Stored records:

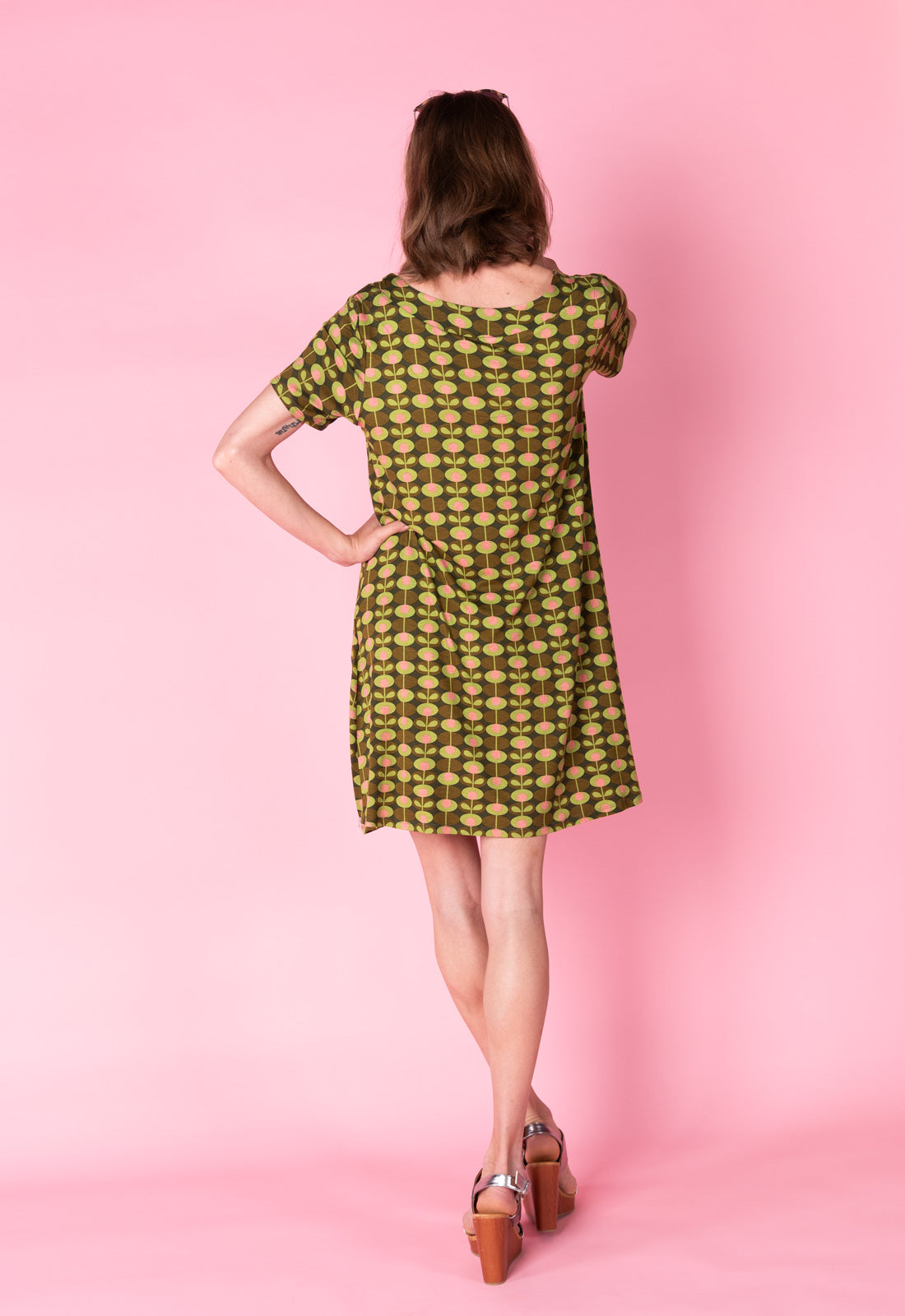 Kurzarmkleid mit Rundhals-Ausschnitt - S25Dress-V3
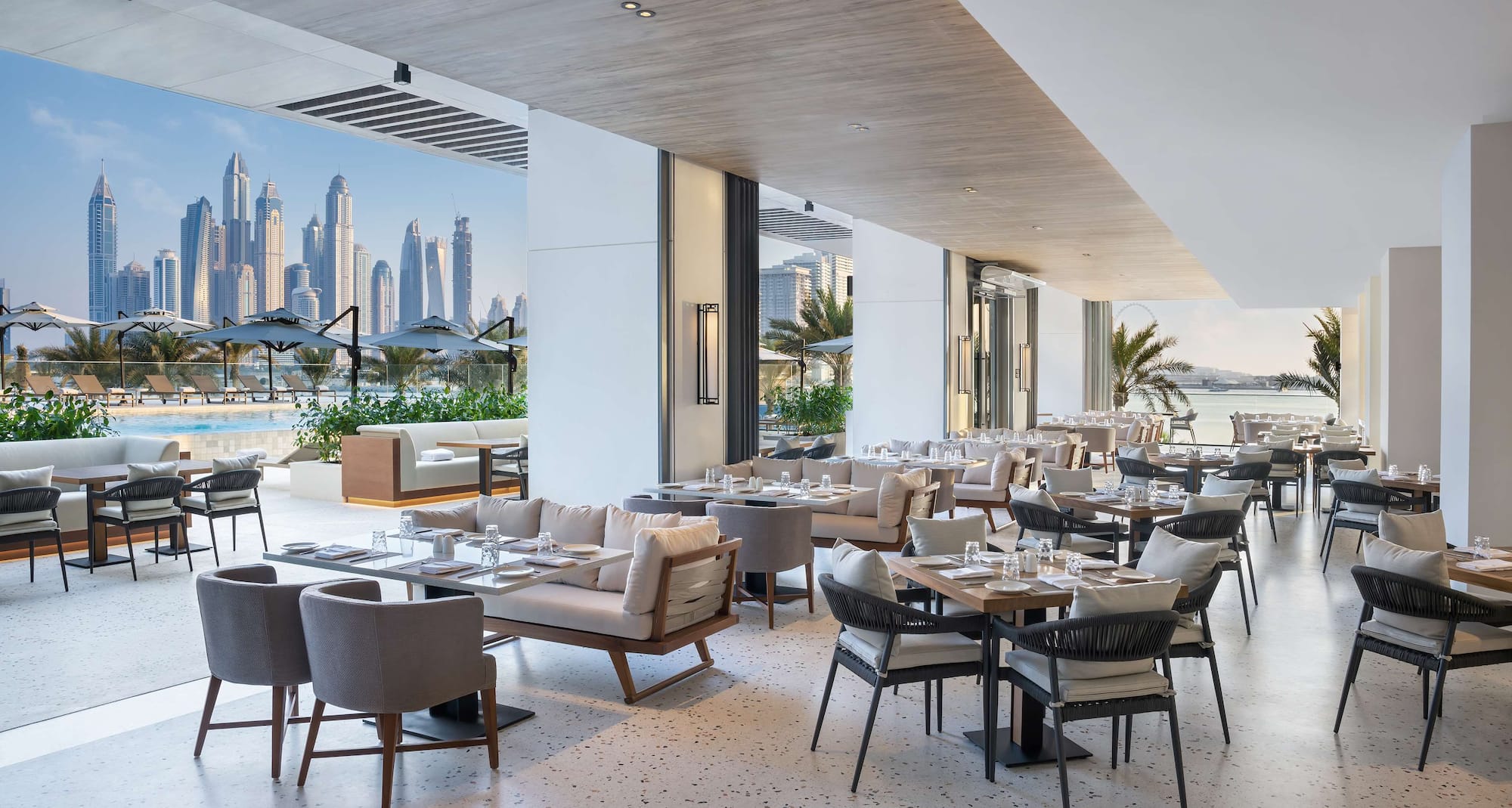 Radisson Beach Resort Palm Jumeirah Dubai - Restaurant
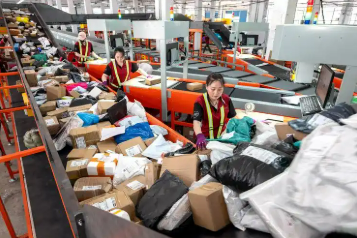 中國快遞業(yè)務量連續(xù)11年位居世界第一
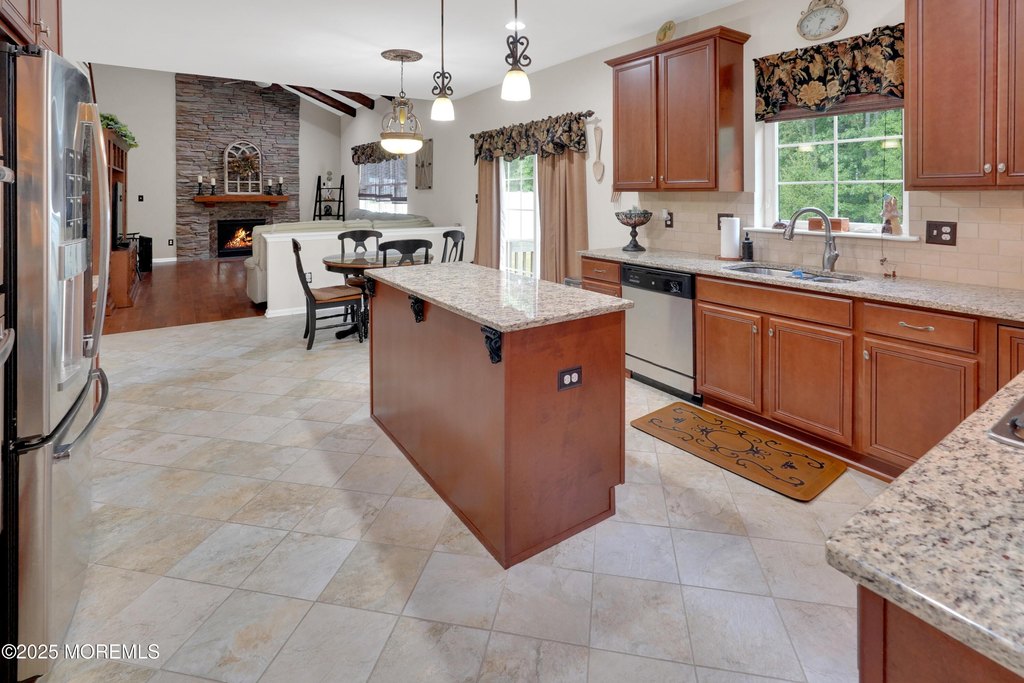 Howell, New Jersey, 07731, United States, 4 Bedrooms Bedrooms, ,3 BathroomsBathrooms,Residential,Forsale,1953811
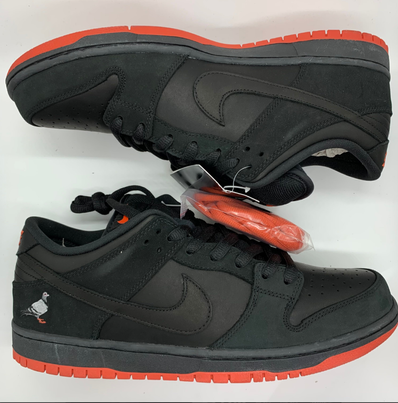 Nike SB Dunk Low TRD QS "Black Pigeon"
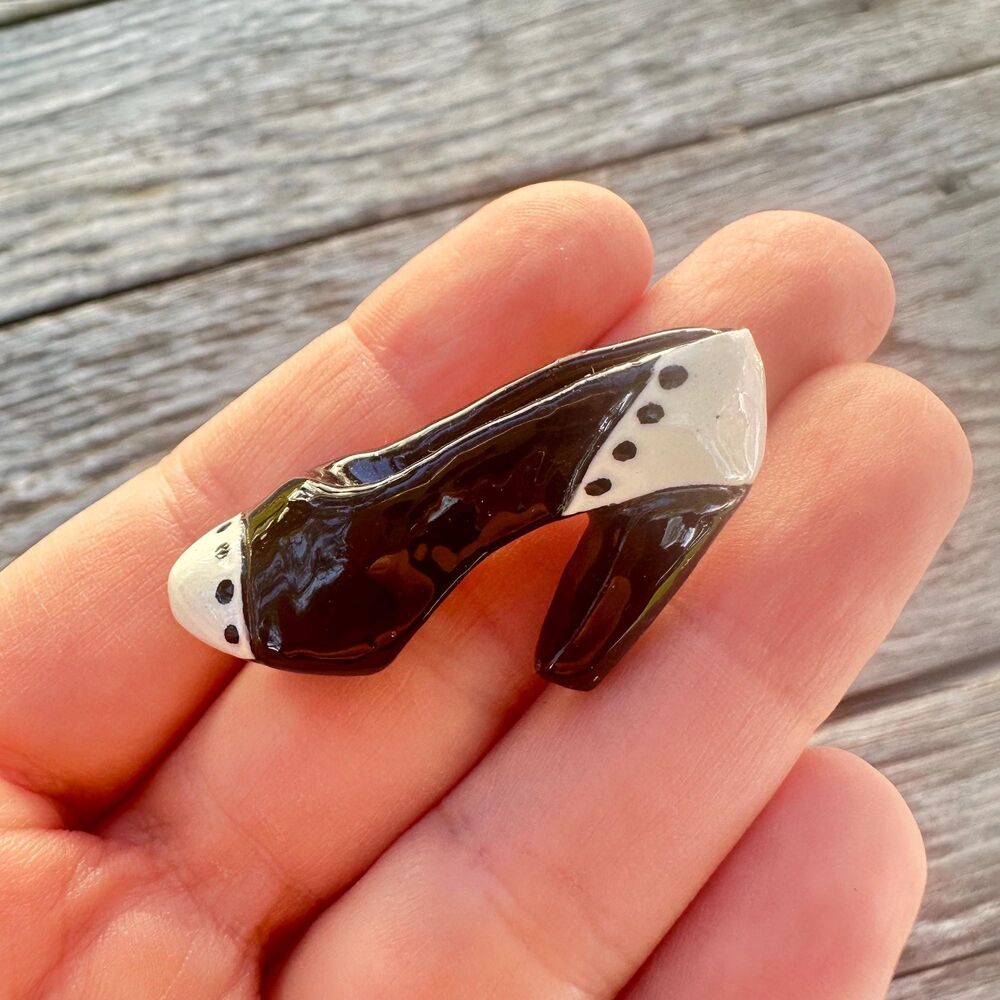 Vintage Jewelry Black and White Shoe Brooch Shoe Pin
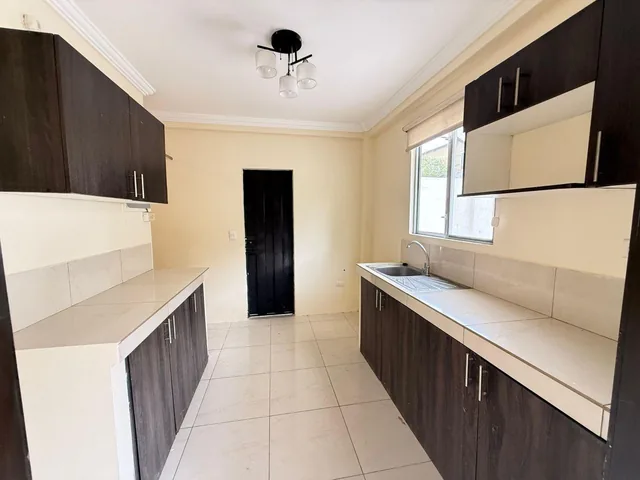 Venta de Casa en La Urb La Joya Etapa Gema Vía Aurora, Guayas — imagen 4
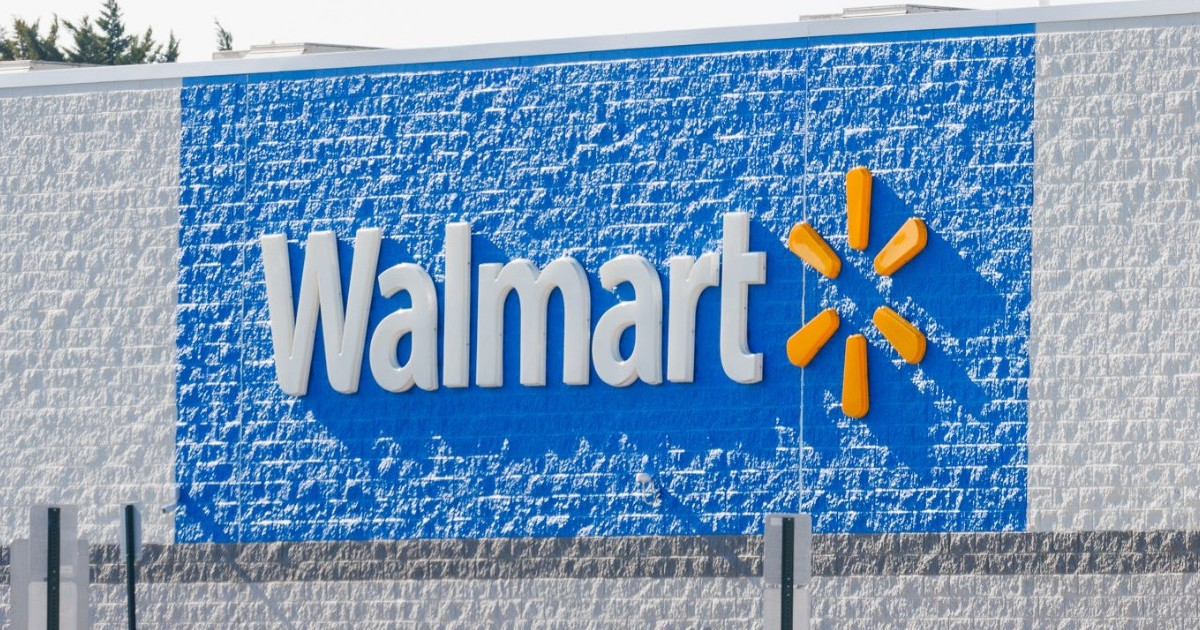 Walmart’s $32 Dearfoams Slippers Are Now Just $9 — Over 70% Off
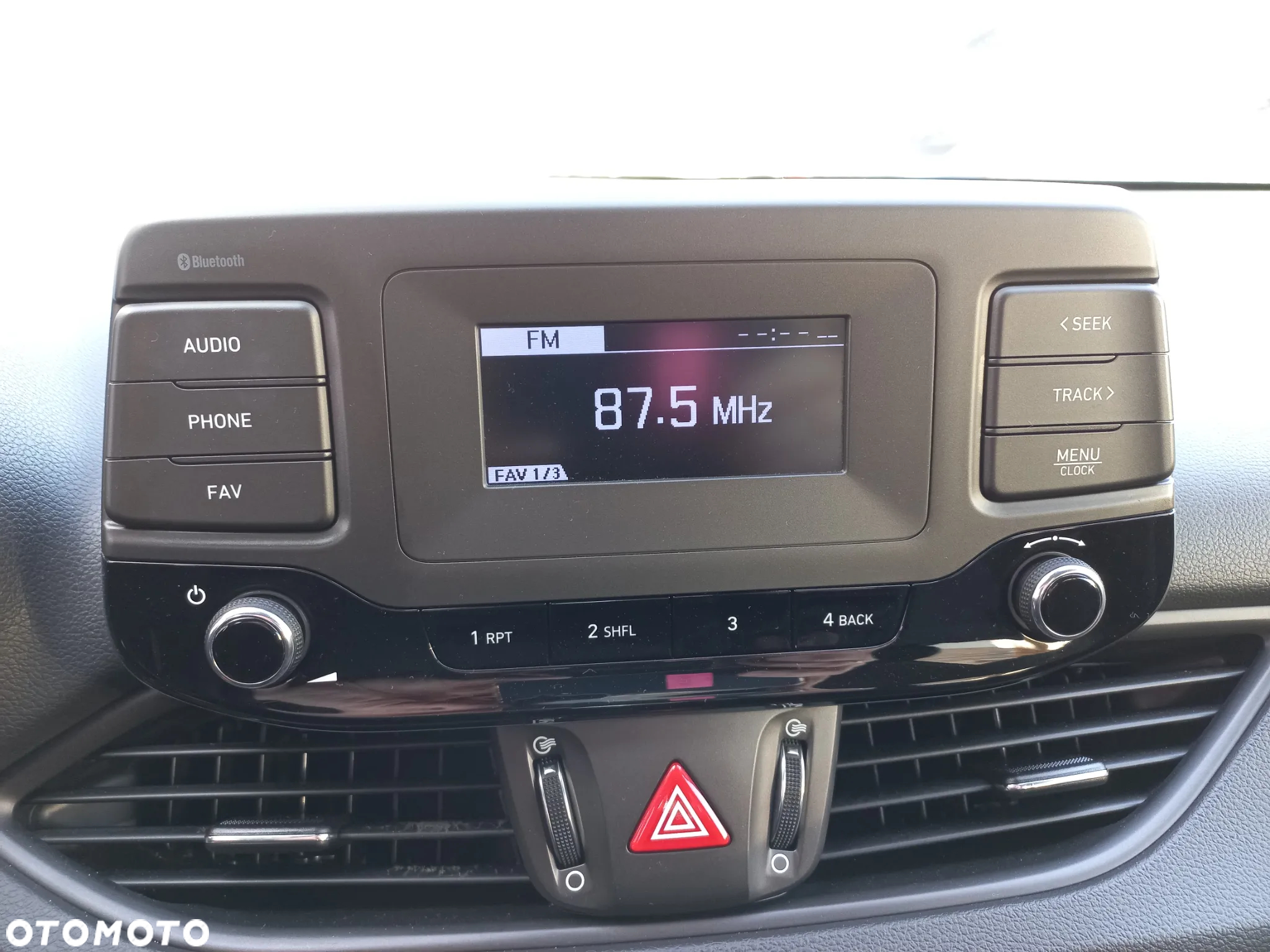 Hyundai i30 1.5 DPI Classic + - 12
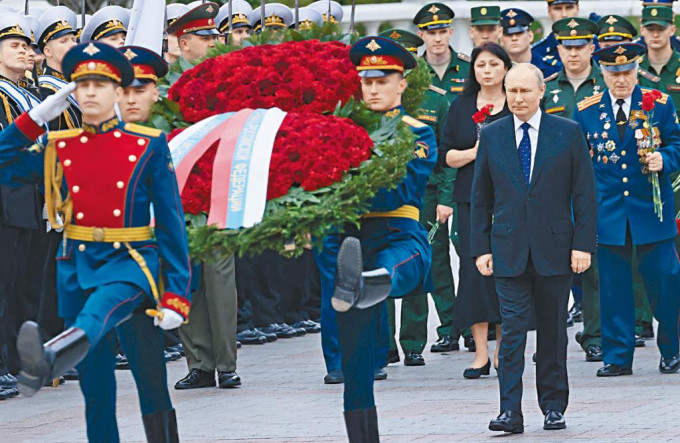 普京在莫斯科烈士墓獻花，紀念納粹德國入侵蘇聯八十一周年。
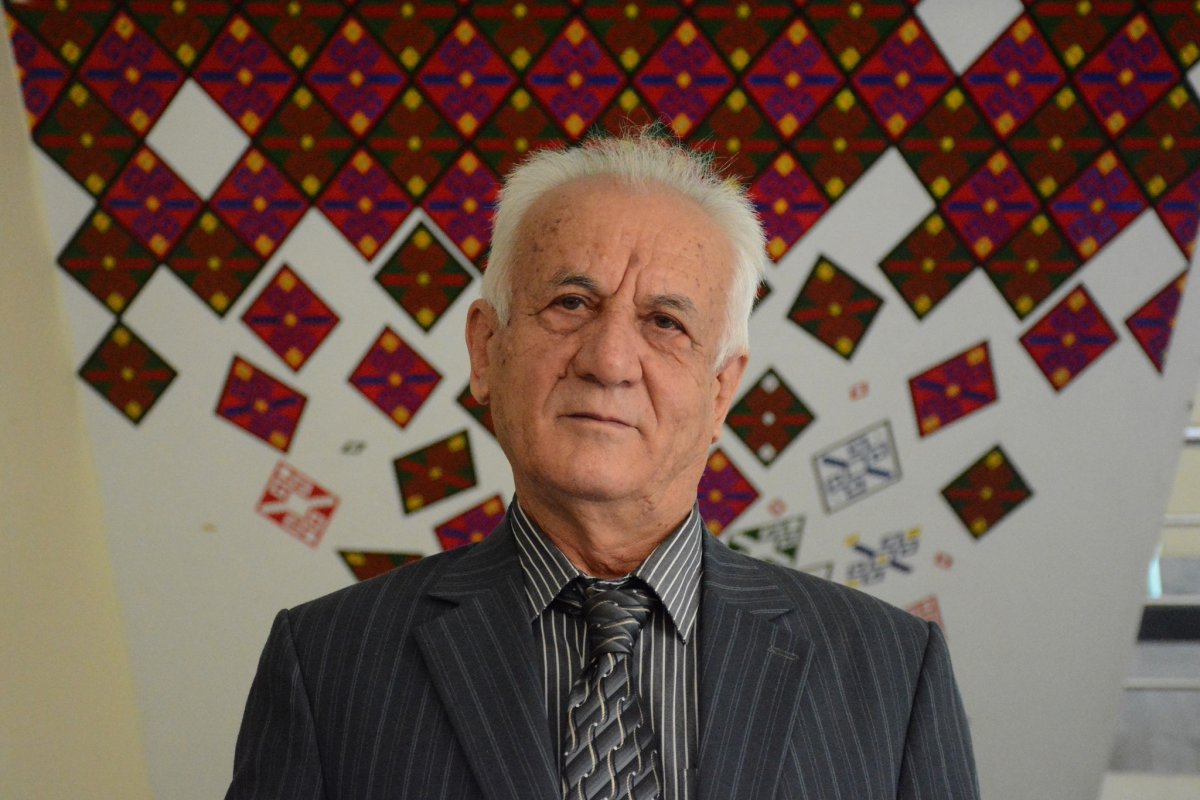 چهره های معاصر هزارستان: یونس طغیان ساکایی، شاهنامه شناس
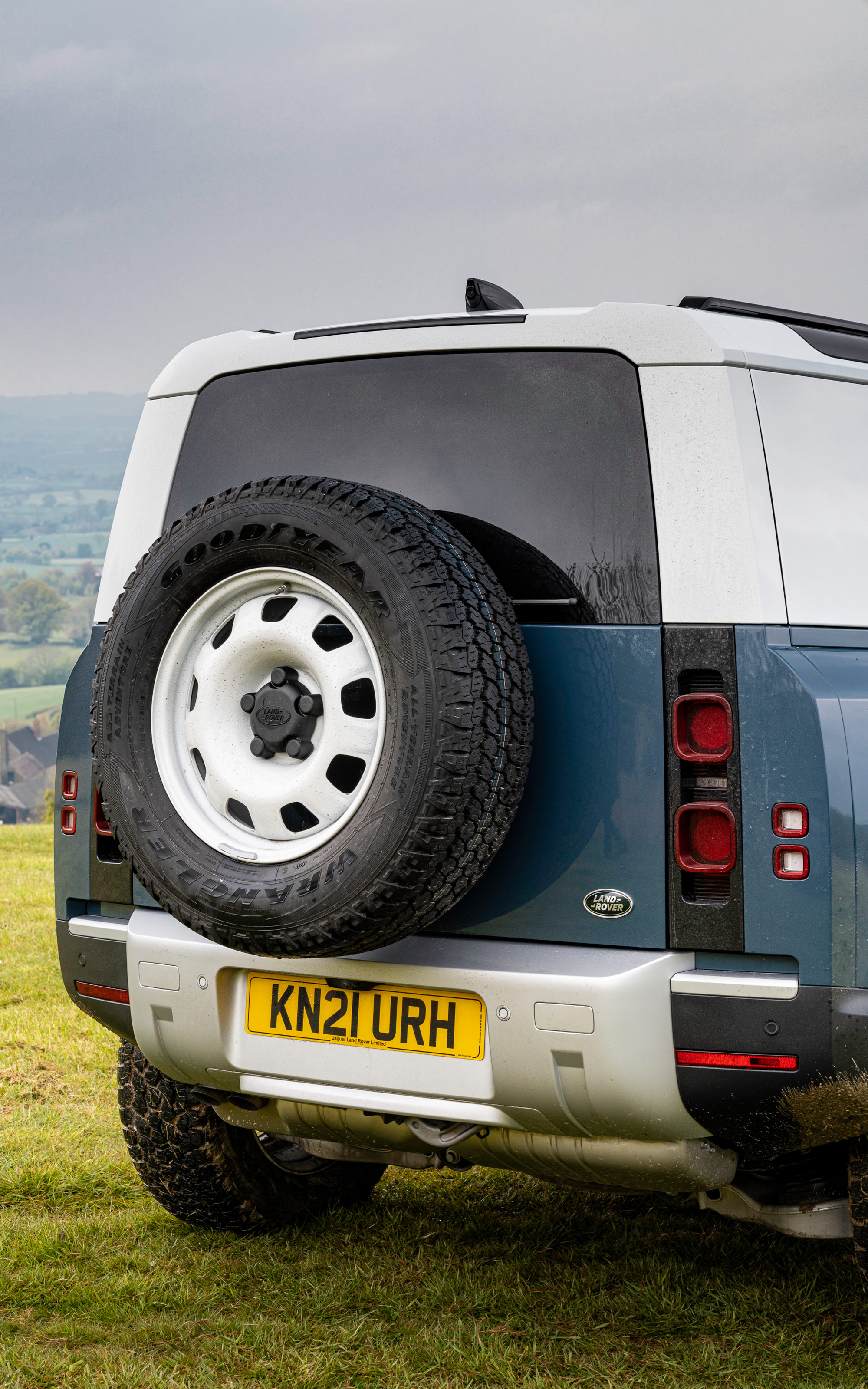 Defender Hard Top - rear static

__Exercise objective__: In the records above, find the line containing "Howell, New Jersey, 07731, United" and the line containing "Venta de Casa", then give both of them again word for word along with every line between. Omit any pictures.

__Solved problem__:
 Howell, New Jersey, 07731, United States, 4 Bedrooms Bedrooms, ,3 BathroomsBathrooms,Residential,Forsale,1953811
 Nike SB Dunk Low TRD QS "Black Pigeon"
 Vintage Jewelry Black and White Shoe Brooch Shoe Pin
 Venta de Casa en La Urb La Joya Etapa Gema Vía Aurora, Guayas — imagen 4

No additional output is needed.